After my post last night (or this morning), I though a bit more about hypergraphs and started playing with a few ideas for a data structure based on incidence lists (lists of every edge incident on a particular vertex). While I've got something that works (after a fashion and in a naive and trivial sort of way), I've come to a realisation that I don't really know what a lot of the things I might want to do to such graphs actually mean.
What,if anything, do reflexivity, transitivity and symmetry mean in the context of a hypergraph? I've been trying to figure this out using the composition relation from arrow logic as an example but I'm still not sure I'm getting anywhere.

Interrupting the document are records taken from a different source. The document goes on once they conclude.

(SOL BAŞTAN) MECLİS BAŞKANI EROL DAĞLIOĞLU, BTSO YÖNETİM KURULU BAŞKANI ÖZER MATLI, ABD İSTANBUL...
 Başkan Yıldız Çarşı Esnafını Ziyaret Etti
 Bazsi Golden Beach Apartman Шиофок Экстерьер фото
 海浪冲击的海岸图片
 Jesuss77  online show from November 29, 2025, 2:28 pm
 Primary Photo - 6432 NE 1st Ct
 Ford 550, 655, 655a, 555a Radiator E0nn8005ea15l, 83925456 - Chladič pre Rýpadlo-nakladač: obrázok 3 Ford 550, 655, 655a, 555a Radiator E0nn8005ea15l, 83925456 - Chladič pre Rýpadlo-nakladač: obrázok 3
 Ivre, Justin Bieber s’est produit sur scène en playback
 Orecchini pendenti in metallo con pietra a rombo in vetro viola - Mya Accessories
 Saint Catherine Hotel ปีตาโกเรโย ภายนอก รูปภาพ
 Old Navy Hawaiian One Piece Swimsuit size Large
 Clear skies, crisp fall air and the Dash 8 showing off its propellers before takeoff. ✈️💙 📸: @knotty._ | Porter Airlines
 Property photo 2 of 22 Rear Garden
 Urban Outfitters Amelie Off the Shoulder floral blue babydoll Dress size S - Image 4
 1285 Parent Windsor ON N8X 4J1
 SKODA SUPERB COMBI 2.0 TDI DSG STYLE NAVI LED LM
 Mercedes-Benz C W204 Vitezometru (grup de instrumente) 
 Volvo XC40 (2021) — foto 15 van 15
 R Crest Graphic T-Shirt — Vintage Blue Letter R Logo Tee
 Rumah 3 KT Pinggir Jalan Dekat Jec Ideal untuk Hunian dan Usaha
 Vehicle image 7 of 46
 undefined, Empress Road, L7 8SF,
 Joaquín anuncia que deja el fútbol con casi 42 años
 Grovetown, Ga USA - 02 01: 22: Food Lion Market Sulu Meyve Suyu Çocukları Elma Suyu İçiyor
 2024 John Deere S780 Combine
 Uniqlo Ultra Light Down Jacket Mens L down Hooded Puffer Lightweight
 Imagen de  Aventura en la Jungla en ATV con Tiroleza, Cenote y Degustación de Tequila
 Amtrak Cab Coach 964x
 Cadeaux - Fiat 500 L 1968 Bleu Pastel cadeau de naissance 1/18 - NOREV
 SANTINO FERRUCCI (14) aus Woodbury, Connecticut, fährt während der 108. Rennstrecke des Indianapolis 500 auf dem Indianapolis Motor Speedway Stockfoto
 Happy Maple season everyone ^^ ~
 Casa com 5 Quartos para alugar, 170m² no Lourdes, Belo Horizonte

Be that as it may, I've started working on a prototype of a hypergraph package for Haskell and if I can figure out how various things ought to work and how to generalise it to relations of arbitrary arity, I'll release it separately.
1 comment:
A transitive reflexive hypergraph is, for the most part, a category. There is some work on computational category theory out there, so you may try looking to see what those guys have done. Symmetry in the case of a category means that you have what's called a "groupoid" - every arrow has an inverse.
Doing things the category theoretic way, you would store the arrows, which consist of only the domain and codomain. That is, the vertex it starts at and the vertex it ends at. You may like to keep something like a bag, where you store each arrow along with its multiplicity -- so a typical entry would be (1,2;3) which says that there are three arrows from vertex 1 to vertex 2.